* TRY IT
Any picture in the material should be left out, while all other lines are copied exactly.

* INPUT DATA
----------

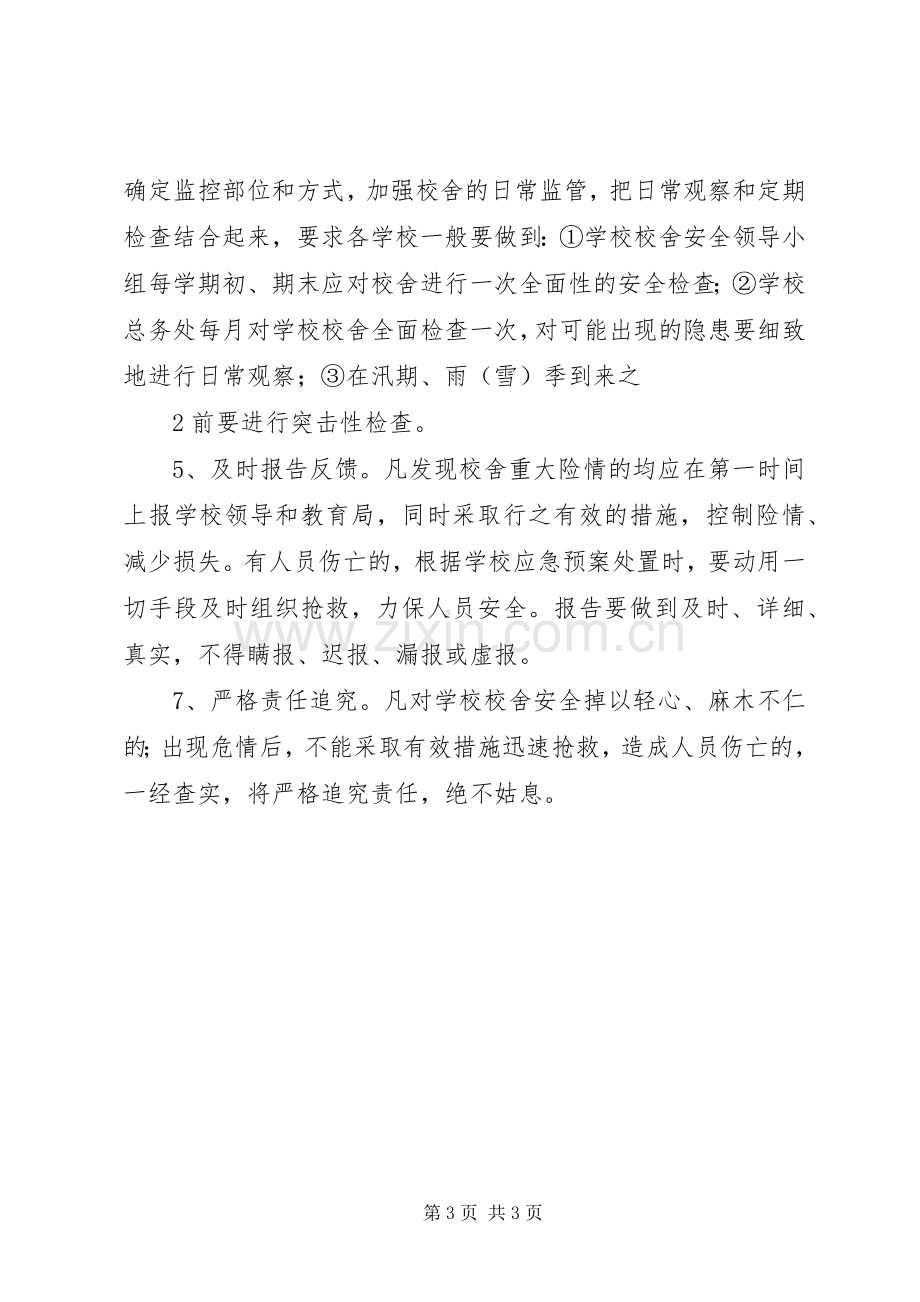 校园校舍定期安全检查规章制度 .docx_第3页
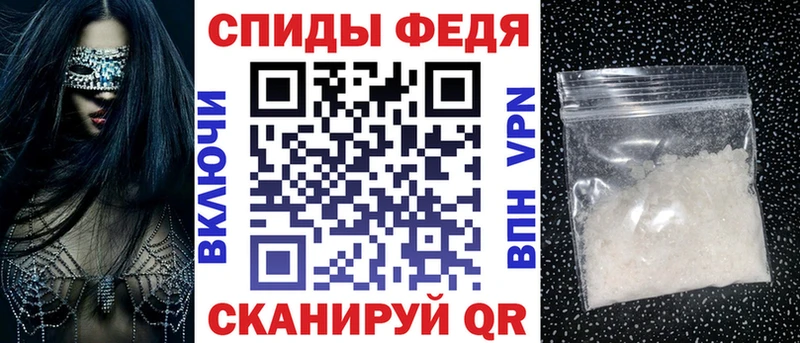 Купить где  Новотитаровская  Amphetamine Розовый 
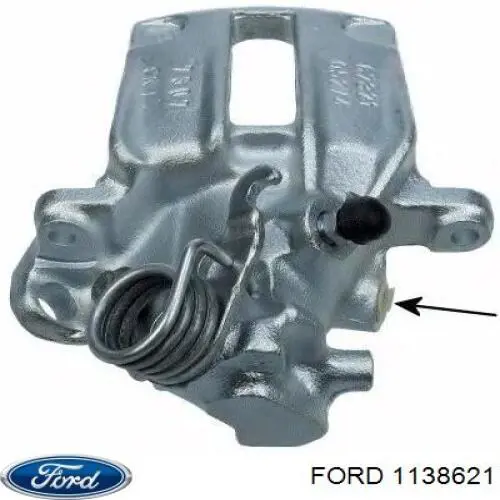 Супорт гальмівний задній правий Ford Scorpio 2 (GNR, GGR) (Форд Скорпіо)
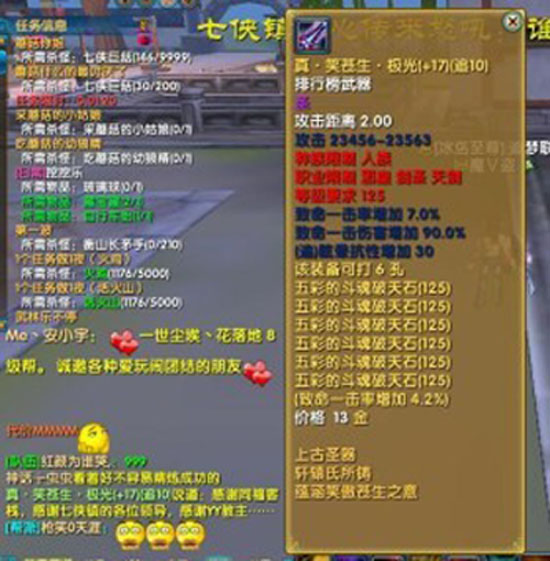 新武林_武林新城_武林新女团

----------

* RESULT
 校园校舍定期安全检查规章制度 .docx_第3页
 Купить где  Новотитаровская  Amphetamine Розовый 
 Супорт гальмівний задній правий Ford Scorpio 2 (GNR, GGR) (Форд Скорпіо)
 新武林_武林新城_武林新女团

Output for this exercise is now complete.